Pemerintah Indonesia secara resmi mengajukan tempe ke dalam daftar Representatif Warisan Budaya Takbenda Kemanusiaan UNESCO. Langkah ini ditempuh sebagai bagian dari komitmen menjaga dan melestarikan tradisi kuliner yang telah melekat dalam kehidupan masyarakat Indonesia selama berabad-abad.
Indonesia Ajukan Tempe sebagai Warisan Budaya Takbenda UNESCO

Pengajuan dilakukan oleh Kementerian Kebudayaan dan disampaikan kepada badan kebudayaan Perserikatan Bangsa-Bangsa (PBB) melalui Delegasi Tetap Republik Indonesia di Paris sebelum batas waktu 31 Maret 2025.

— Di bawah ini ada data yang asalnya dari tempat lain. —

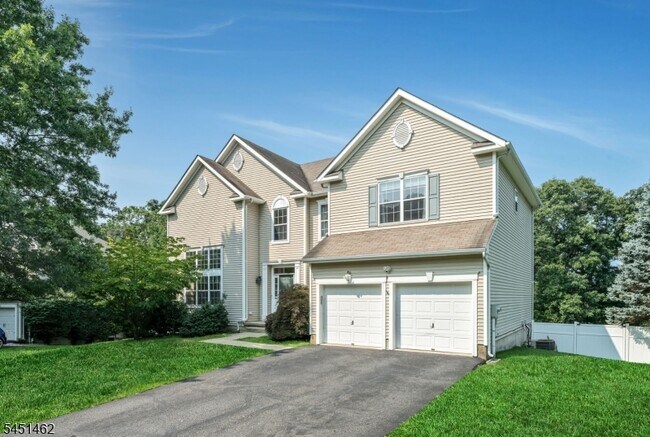 Building Photo - 23 Hill Hollow Rd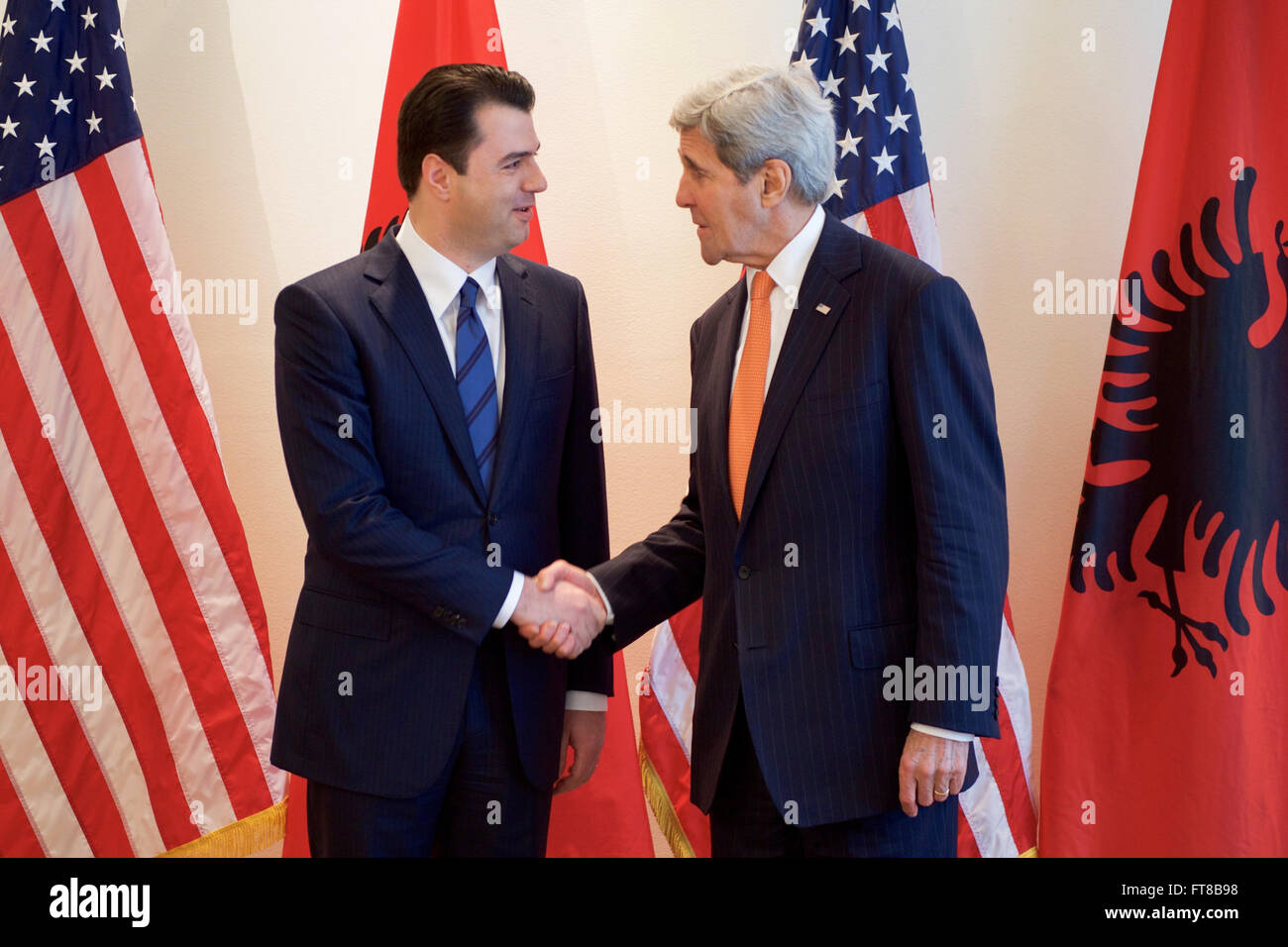 US-Außenminister John Kerry schüttelt Hände mit albanische Opposition Partei Führer Lulzim Basha im Rogner Hotel in Tirana, Albanien, bevor ihre bilateralen Treffen am 14. Februar 2016. [State Department Foto / Public Domain] Stockfoto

Lebih dari Sekadar Makanan
Menteri Kebudayaan Fadli Zon menegaskan bahwa pengakuan internasional bukan menjadi satu-satunya tujuan dari pengajuan ini. “Masuknya Budaya Tempe dalam daftar Intangible Cultural Heritage (ICH) UNESCO akan semakin memperkuat tempe sebagai warisan budaya yang harus dijaga, sekaligus mendorong kesadaran global akan nilai budaya, manfaat gizi dan kesehatan, serta keberlanjutannya,” ujar Fadli, dikutip dari Antara, Minggu (6/4).
Menurutnya, tempe tidak hanya berperan sebagai bahan pangan pokok, tetapi juga merepresentasikan pengetahuan lokal, kearifan budaya, dan teknologi fermentasi tradisional yang terus diwariskan antargenerasi.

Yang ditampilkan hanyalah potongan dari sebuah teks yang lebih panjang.